Question Steamunlocked malware?

Please provide comments and solutions that are helpful to the author of this topic.

likeastar20

Level 8
Thread author
Verified
Mar 24, 2016
369
Hello there. I have not much time this weekend. But just from checking this file vs the original version's entry point, it is clearly patched. The patched code is unreadable because it manipulates the stack pointer. The original NvStTest in contrast is clearly readable. This patch alone is reason enough to declare it as malware because it is a modification that has nothing to do there and the file hasn't been signed by the publisher. @SkeletalDemise is very spot on with observations and analysis.

Entry point of clean NvStTest:

View attachment 278370

Entry point of manipulated NvStTest (cannot be decompiled):

View attachment 278371

BinDiff of both files

View attachment 278368

Diff for both files of PortEx, black byteplot on the left means same code/data. It is mostly the code near the entry point and some resources and the (missing) certificate that have been changed.

View attachment 278369

If this was a legitimate software update, you would expect something different:
  1. not only entry point code changes
  2. certificate would be there
  3. code would be readable
  4. many functions with small differences due to recompilation (this file was not recompiled, some of the sections even have the same hash)



This blacksoul rule detects msvcp140.dll. I would not take it seriously.
Do you think it is related to any of the linked articles by @SkeletalDemise? I'm interested in what family this malware belongs to, and do you think this malware is difficult to analyze? Because 3 vendors have said the file is clean previously. Initially, BD said it is clean, but now they deemed it malicious.
 

struppigel

Moderator
Verified
Staff Member
Well-known
Apr 9, 2020
661
Do you think it is related to any of the linked articles by @SkeletalDemise? I'm interested in what family this malware belongs to, and do you think this malware is difficult to analyze? Because 3 vendors have said the file is clean previously. Initially, BD said it is clean, but now they deemed it malicious.
I don't see a relation to these articles and I understood them as just being examples how malware abuses legitimate files.
I do not know what malware family this is because I did not really analyse it yet.

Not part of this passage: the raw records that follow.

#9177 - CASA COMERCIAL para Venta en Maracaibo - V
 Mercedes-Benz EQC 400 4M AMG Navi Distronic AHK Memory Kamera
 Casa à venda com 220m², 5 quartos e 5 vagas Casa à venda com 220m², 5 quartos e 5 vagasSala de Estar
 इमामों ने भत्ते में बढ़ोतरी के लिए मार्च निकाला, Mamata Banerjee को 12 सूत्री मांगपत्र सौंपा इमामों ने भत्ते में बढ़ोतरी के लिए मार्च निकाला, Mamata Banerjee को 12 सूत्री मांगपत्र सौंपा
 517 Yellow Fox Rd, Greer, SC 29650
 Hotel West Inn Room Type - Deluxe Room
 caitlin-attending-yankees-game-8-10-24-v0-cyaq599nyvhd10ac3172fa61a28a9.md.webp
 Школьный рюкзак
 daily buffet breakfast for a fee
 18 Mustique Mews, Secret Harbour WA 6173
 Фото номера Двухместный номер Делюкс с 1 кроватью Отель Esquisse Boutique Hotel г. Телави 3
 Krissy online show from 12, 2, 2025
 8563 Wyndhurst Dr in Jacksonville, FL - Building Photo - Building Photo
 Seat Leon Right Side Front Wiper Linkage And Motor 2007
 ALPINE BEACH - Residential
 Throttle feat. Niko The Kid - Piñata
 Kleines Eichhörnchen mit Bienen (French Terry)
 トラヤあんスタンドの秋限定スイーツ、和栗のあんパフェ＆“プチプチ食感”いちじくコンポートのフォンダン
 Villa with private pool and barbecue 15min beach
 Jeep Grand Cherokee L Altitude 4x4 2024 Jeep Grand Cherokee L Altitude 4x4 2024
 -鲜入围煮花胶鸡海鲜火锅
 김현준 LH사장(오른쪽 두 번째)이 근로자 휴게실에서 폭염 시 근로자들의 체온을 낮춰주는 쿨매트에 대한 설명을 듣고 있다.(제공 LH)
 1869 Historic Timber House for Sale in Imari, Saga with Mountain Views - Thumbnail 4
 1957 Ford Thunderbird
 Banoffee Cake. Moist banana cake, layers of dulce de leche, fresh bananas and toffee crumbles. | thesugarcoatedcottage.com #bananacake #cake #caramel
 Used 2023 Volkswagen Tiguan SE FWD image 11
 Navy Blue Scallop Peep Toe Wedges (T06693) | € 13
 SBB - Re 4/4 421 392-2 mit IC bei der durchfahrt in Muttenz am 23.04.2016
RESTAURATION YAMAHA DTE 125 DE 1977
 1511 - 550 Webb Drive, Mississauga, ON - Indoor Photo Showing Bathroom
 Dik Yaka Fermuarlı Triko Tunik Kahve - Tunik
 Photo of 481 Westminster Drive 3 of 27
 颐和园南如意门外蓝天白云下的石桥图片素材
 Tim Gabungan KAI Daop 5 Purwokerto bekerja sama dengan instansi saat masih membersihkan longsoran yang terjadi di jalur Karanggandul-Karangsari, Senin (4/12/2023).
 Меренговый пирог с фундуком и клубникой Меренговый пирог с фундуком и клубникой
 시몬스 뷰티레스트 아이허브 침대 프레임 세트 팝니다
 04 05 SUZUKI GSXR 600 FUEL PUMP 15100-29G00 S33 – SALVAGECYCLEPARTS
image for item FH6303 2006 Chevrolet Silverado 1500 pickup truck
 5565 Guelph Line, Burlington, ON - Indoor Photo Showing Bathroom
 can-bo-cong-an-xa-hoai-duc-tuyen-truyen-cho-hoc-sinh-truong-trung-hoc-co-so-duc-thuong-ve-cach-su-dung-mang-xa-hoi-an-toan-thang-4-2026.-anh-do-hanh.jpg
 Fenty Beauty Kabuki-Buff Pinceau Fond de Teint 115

Yes, it is difficult to analyse because of many anti reversing mechanisms used. This might need several days of work which is why I am probably not doing it in my free time. But it is not difficult to see that the file has been malicously patched and it should have been picked up by analysts. The patch is at the entry point which is the very first thing an analyst looks at when opening the file in a disassembler. Finding the original file for comparison is also easy enough to do with VT access, which all major AV companies will hopefully provide to analysts. However, it is indeed likely that no human analyst ever saw the file when it was declared clean.